Lazy Finder

2010-01-19 20:57:40 -08:00

This is an expansion of a reply I wrote to a tweet by Daniel Jalkut. He wrote:

Imagine if the iPhone home screen showed a matrix of “generic” icons before filling in real ones. Mac Finder is a disgrace.

He’s referring to behavior introduced in Snow Leopard: When you visit a folder for the first time in a session, the Finder shows every symbolic link and alias with the kUnknownFSObject icon ( this one ), every application with the generic application icon, every file with the generic document icon, and every folder with the generic folder icon, before displaying the item’s real icon and then its Quick Look thumbnail.

Compare the environment of SpringBoard (on a non-jailbroken device) to that of Finder:

iPhone Mac OS X

Every item is of one kind: Application.

Items are of any of three kinds: File, folder, and bundle. The Finder must handle each kind differently.

Everything is on one iPhone’s worth of flash memory.

Files may be distributed over any number of volumes, local and remote; however, the general case is all files on one hard disk, which is the startup disk.

Because the iPhone doesn’t allow background processes, it’s the only app running, with only a few built-in, light-on-file-system-access exceptions (the heaviest of which is probably Mail).

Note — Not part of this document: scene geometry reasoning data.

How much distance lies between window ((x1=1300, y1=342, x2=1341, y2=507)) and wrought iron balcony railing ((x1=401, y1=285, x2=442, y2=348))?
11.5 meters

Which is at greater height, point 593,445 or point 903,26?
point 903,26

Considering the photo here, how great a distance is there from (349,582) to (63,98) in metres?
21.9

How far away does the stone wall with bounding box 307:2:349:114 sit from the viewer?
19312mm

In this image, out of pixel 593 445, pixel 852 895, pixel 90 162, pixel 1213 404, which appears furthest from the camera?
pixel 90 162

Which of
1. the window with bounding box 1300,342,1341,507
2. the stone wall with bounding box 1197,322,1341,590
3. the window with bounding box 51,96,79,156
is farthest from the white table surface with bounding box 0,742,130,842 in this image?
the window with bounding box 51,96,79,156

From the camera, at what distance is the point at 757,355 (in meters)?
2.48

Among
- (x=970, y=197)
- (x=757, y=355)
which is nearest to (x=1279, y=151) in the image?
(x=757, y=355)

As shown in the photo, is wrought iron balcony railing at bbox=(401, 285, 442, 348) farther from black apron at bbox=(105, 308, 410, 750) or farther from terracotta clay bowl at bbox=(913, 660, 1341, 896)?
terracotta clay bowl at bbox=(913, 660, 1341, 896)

Any number of applications may be running, and they may be accessing files on the same volume you’re browsing.

Accessing any file in flash memory is as quick as accessing any other file (random access).

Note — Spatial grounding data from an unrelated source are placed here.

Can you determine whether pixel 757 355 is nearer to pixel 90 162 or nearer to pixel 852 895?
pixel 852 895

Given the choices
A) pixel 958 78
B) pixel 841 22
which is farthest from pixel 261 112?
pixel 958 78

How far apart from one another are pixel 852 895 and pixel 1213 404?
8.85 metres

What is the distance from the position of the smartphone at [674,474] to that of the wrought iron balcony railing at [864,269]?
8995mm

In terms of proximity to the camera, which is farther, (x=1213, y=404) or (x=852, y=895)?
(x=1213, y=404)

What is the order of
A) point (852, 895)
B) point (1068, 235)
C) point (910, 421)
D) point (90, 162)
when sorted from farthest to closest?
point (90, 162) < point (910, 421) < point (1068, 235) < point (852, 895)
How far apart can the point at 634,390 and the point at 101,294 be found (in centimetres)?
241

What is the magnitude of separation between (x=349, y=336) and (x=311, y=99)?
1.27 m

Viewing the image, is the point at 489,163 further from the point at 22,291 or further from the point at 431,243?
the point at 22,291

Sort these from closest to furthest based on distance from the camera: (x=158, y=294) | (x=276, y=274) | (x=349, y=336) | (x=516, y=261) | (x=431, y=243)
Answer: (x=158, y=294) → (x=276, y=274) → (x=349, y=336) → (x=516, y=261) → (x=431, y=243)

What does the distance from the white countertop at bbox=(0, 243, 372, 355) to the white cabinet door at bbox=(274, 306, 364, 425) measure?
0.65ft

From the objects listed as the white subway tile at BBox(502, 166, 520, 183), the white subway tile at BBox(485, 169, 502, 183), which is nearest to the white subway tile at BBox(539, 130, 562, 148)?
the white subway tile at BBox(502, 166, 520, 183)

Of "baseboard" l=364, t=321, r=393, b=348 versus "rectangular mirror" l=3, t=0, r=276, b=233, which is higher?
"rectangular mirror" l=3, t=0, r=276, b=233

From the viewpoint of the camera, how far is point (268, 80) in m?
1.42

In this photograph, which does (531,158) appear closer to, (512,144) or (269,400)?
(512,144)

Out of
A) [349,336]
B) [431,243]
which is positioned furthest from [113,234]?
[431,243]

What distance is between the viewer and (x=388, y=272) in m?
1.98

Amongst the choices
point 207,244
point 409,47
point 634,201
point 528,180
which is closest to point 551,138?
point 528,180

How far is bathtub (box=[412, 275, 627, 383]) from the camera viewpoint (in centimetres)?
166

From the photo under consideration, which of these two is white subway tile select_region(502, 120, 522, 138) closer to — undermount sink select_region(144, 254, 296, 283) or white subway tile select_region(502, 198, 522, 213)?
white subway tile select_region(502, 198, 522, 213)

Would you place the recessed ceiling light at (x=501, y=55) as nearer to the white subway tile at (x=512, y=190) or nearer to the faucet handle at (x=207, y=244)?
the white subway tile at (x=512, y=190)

Disks are not so predictable: Accessing one file and then another can incur milliseconds of seek time. Doing this repeatedly for dozens or hundreds of files (possibly in multiple Finder windows at different scroll positions) may cause the disk to thrash. You can hope that the OS can put the requests into a favorable order, but you can’t rely on it, and there’s only so much it can do.

Flash memory is always active.

Most users aren’t using flash memory. Hard disks may be spun down to conserve power. If this is the case, the disk will need to be spun up, which can take seconds.

All files (that is, all applications) are local.

Some volumes may be on remote machines, across a local network or the internet; depending on throughput and latency, every access to such a volume can take tenths of a second.

All applications are in one place, making caching of icons or their filenames easy.

Applications aren’t the only user-visible bundles, and any bundle can be anywhere.

Compare also how SpringBoard and Finder obtain icons*:

iPhone Mac OS X

Assuming that the icons themselves aren’t cached:

  1. Look up the application’s icon filename in the bundle’s Info.plist (or a cache of icon filenames).

  2. Load the icon from the indicated file.

(All of this may happen inside NSWorkspace and/or Icon Services.)

  1. If the item is a symbolic link or alias, find the original file. If it still exists, start over with it from this step. If it does not exist, jump to step 7.

  2. Get the item’s custom-icon bit.
  3. If the custom icon bit is set, open the resource fork (or, for folders and bundles, the resource fork of the “Icon\r”** file) and search for icon resources of ID -16455. (This step probably happens in Icon Services.)

    If this step succeeds, we have the icon.

  4. If the item is a bundle, look up the application’s icon filename in the bundle’s Info.plist.

  5. Load the icon from the indicated file.

    If this step succeeds, we have the icon.

  6. Identify the item’s HFS file type (if available) or its filename extension. For bundles, the file type may be in Info.plist. For bundles and packages, the file type and creator may be in a PkgInfo file inside the item, which would be yet another file open+read.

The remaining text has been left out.